Digital Radiography QA Workflow for Veterinary Clinics

Build a digital radiography QA program for a veterinary practice: retake-rate tracking, exposure-index monitoring, positioning coaching, sedation decisions, image labeling, and radiation-safety docs.

Ran Chen
Ran Chen
Founder, VetMedGuide. Life-sciences operator and 10× global market-access lead.
Published

A veterinary practice that replaced its film processor with a digital radiography system years ago and has not looked at its retake rate since is almost certainly accepting image quality that would not pass an objective review. Digital radiography's wide exposure latitude — the ability to produce a "usable" image across a broad range of kVp and mAs settings — is both its greatest advantage and its greatest trap. The team stops seeing underexposure, overexposure, and marginal positioning because the image processing software makes everything look acceptable on first glance. The retake rate drops, but so does diagnostic quality.
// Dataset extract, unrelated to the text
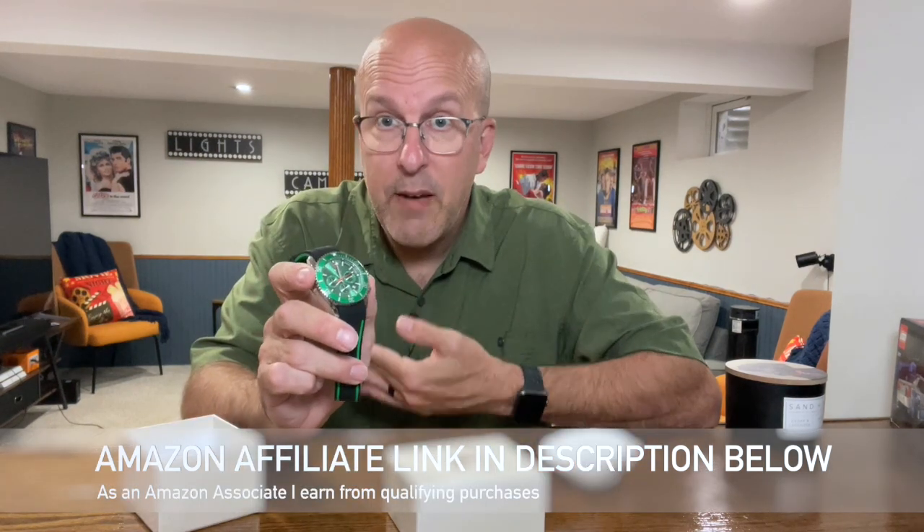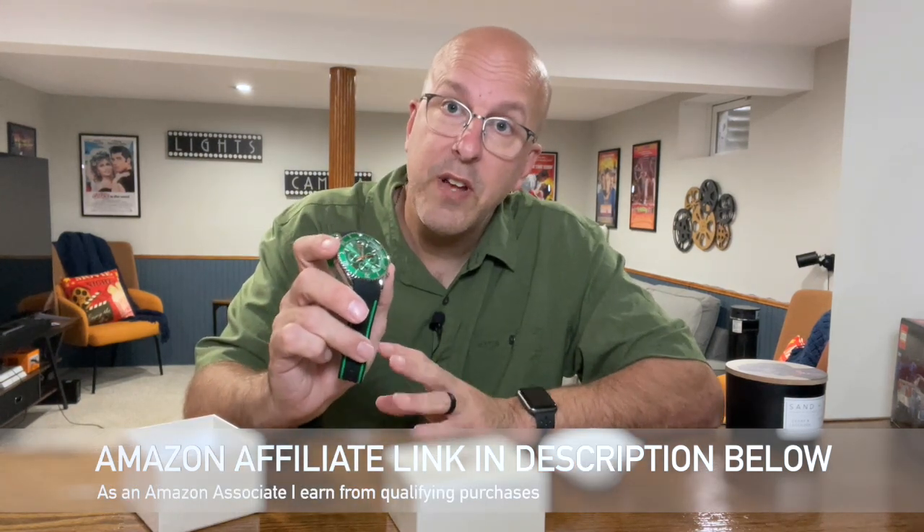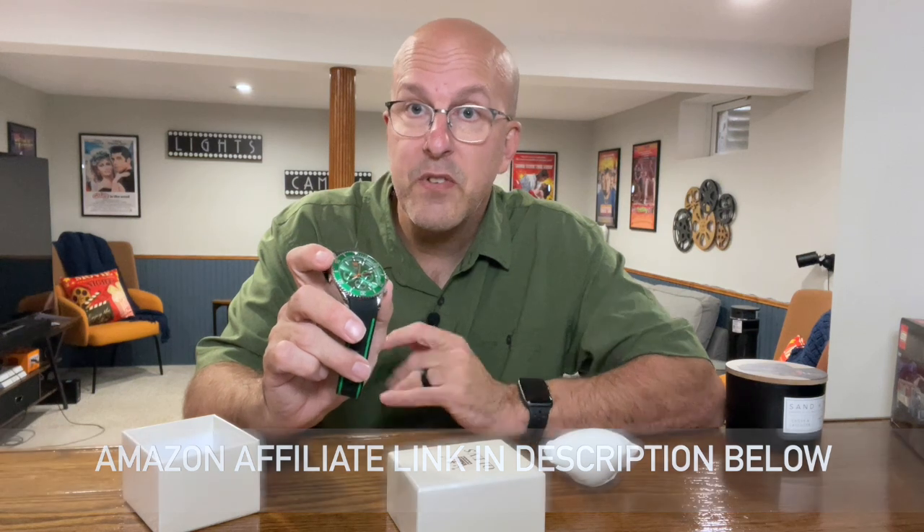Now, the reason I got this watch is I have my Apple Watch, but every once in a while I like to dress up and have something that looks a little bit nicer than just a regular old Apple Watch on my wrist. The Apple Watch works great — love it. It's my daily watch, but this is kind of like my going out watch.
The American Society of Radiologic Technologists (ASRT) Best Practices in Digital Radiography white paper documents this shift: in the analog era, the standard repeat rate was approximately 8%. With digital systems, positioning errors now account for 51–85% of all repeated images, and the cause of most repeats has shifted from exposure errors (which digital latitude hides) to positioning errors (which it does not). A systematic review cited by ASRT found that "positioning errors emerged as the primary cause of repeated examinations" across multiple studies.

This article provides a practical QA workflow for a veterinary practice using digital radiography. It covers retake-rate measurement, exposure-index monitoring, positioning coaching, the sedation decision that prevents most positioning failures, image labeling standards, and the documentation that supports both radiation safety and medical-legal defensibility.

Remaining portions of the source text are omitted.